Located 9 km north of Malmsbury, the gold mining town of Taradale is noted for its historic buildings which date back to the 1850s. The town is noted for its impressive Viaduct (built between 1858-1862) and a picnic area around a mineral spring beside the Coliban River.
Located 14 km north of Malmsbury, the Metcalfe Cascades on the Coliban River are a series of cascades where the river runs through a series of rock pools. The larger pools are suitable for swimming and there are suitable picnic tables and grassy areas. Check out https://www.goldfieldsguide.com.au/explore-location/312/the-cascades/ for a more detailed description.
* Prior to the arrival of Europeans the area was occupied by the Dja Dja Wurung and Taungurung Aborigines.
* The first pastoral station was established here in 1837. It became a resting place for teamsters heading northwards.
* In the early 1850s it developed as a food supply centre for the northern goldfields.
* An Anglican school opened in 1855. That year saw a flour mill open.
* The town's Mechanics Institute was opened in 1856.
* In 1858 gold was found at Malmsbury.
* Malmsbury was proclaimed a borough in 1861. A second flour mill was opened.
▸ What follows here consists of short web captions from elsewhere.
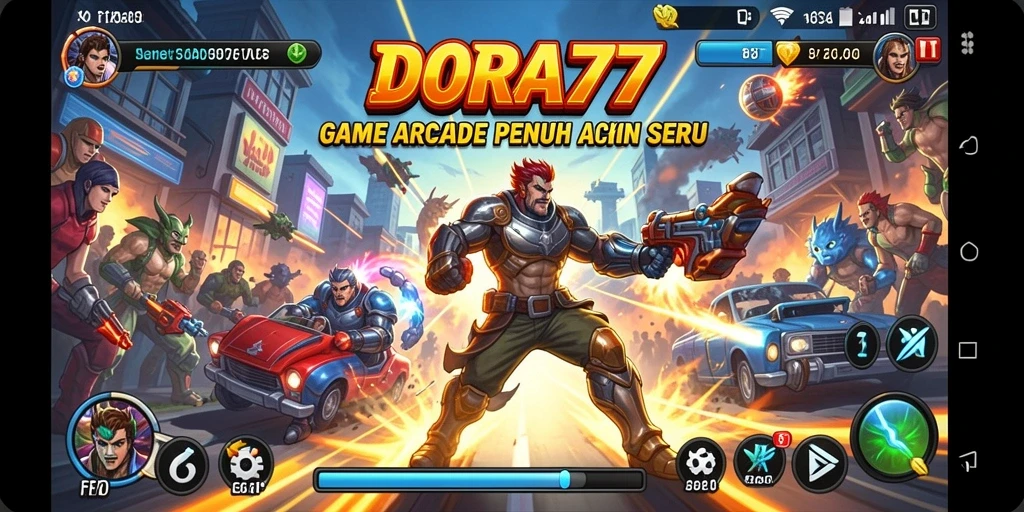 Gameplay DORA77 yang menarik dan penuh aksi.
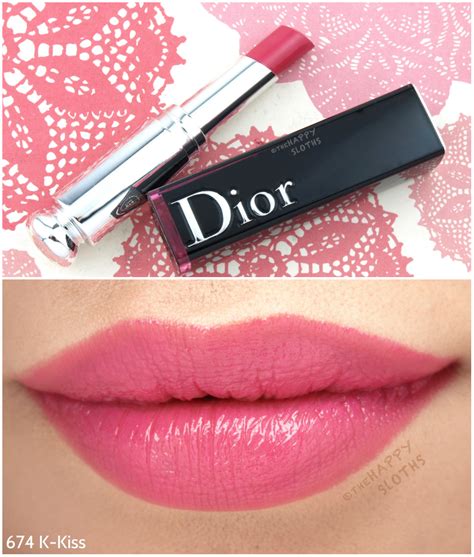 dior lip lacquer smoothie|Dior lipstick review.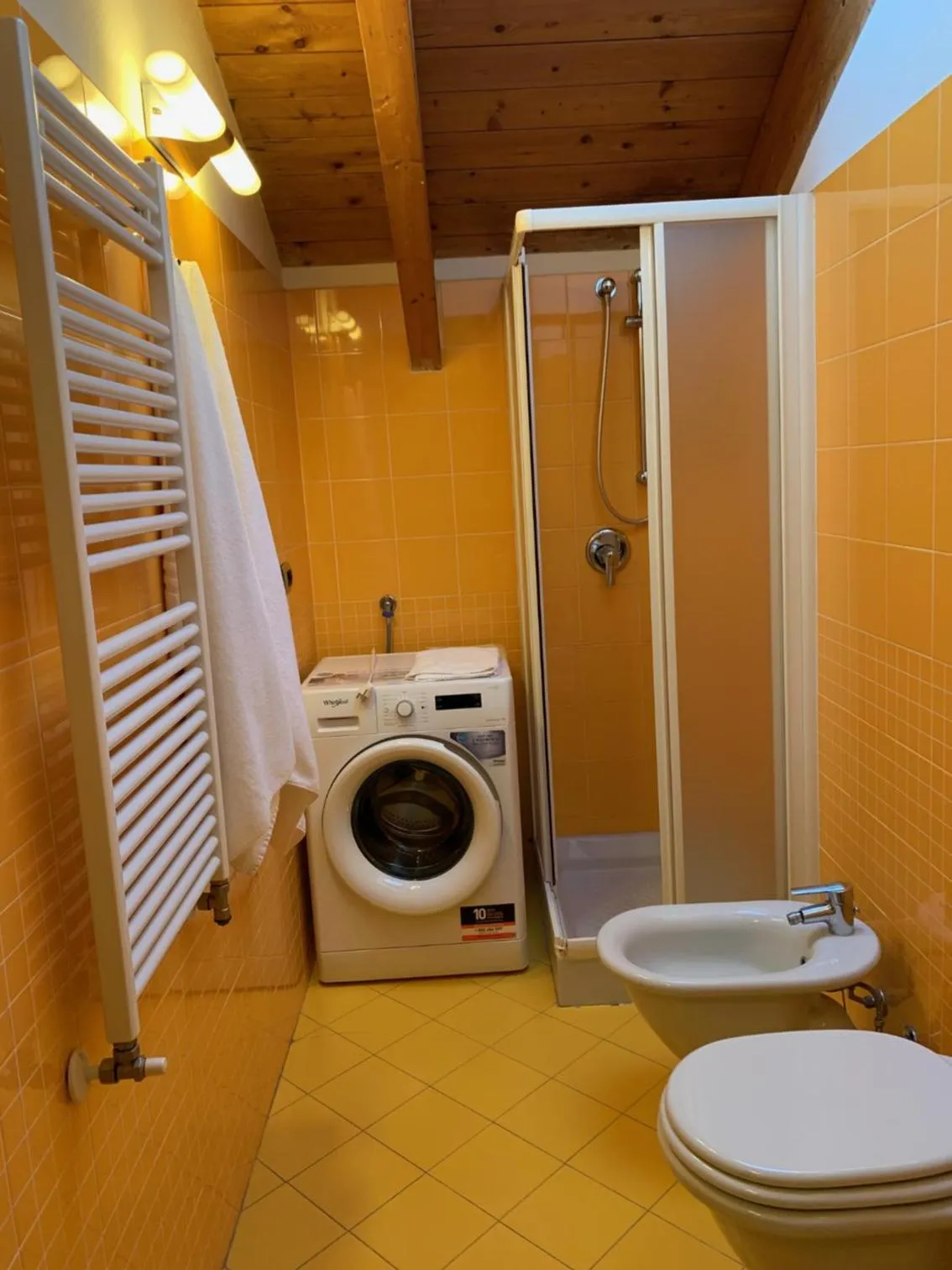 washing machine in Residence Corte della Vittoria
* In 1862 the railway between Melbourne and Bendigo reached the town. The railway station was built that year.
* A townsite was surveyed in 1863. That year saw the town's Botanic Gardens laid out beside the Coliban River.
* By 1865 the town's population had reached 1,000.
* A State School took over from the private school in 1872.
* The Malmsbury Reservoir was built in 1874.
* In 1915 it became part of Kyneton Shire Council.
* In 1984 the town's Botanic Garden was restored.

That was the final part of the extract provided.